A few more links: Helena Cobban visits Ramallah. ~~ Spiritually speaking, women are stronger than men. ~~ Thinking ahead to October 2009--who's tempted by this gathering? ~~ In The Atlantic, Richard Florida considers "how the crash will reshape America." Teasers: "Metabolism and talent-clustering are important to the fortunes of U.S. city-regions in good times, but they’re even more so when times get tough." "If there is one constant in the history of capitalist development, it is the ever-more-intensive use of space. Today, we need to begin making smarter use of both our urban spaces and the suburban rings that surround them—packing in more people, more affordably, while at the same time improving their quality of life." ~~ George Fox University will host Victor Nakah, a Presbyterian pastor and president of Theological College of Zimbabwe, for its annual John Woolman Peacemaking Forum March 9-10. ~~ "Experiencing the depths of Jesus Christ"--an exchange on aspiration vs reality, or as Mike Morrell puts it, "truth in labeling."

Erja Lyytinen with yet another cover of the classic "It Hurts Me Too." I'll be looking for more from her.


Bill Samuel said...

Regarding Congressional pork - a major problem with the earmarks is that they do not go through a careful procedure of examination on the merits using a set of considered criteria.

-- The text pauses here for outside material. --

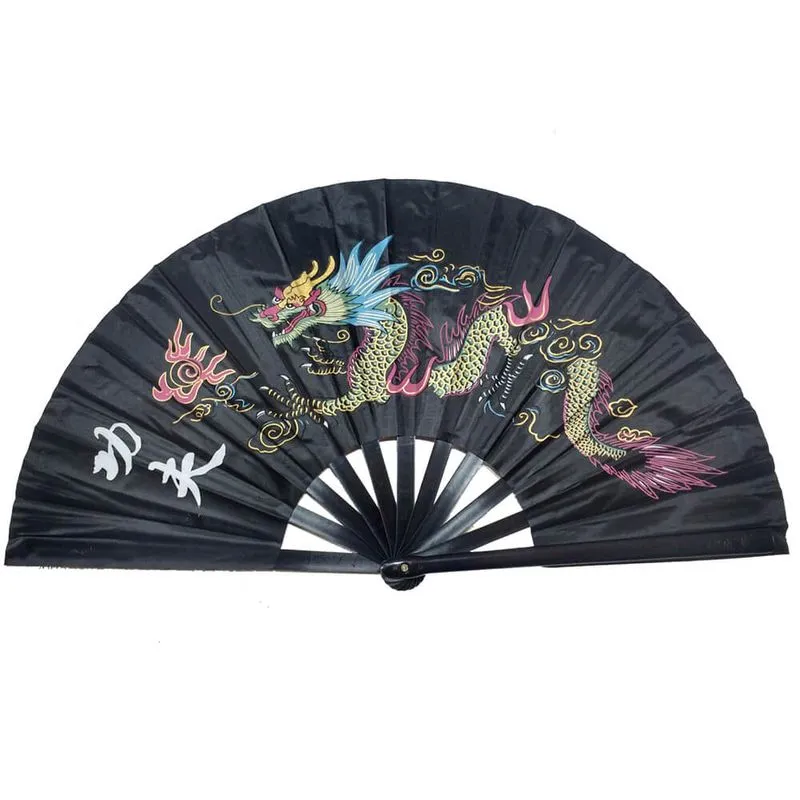 Leque Tai Chi Dragão Preto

Rather, they are chosen based solely on political muscle.

Many of them do seem like worthwhile projects. But where should they stand on the priority list, and are they legitimate priorities for Federal spending vs. using resources from elsewhere, including the private sector that may benefit?

I don't think legislative bodies are good grant-making agencies, certainly at the Federal level. One needs people with experience related to the type of project to evaluate proposals carefully. Executive agencies don't always do this well, but they certainly have the potential to organize themselves to do a decent job of it.

Johan Maurer said...

Bill: all good questions. In general, I think we should remember Bob Gill's dictum that "the problem is the problem"--too often our "solutions" are aimed at some anxiety, side issue, or diversion other than facing the main problem: discerning and funding worthwhile projects.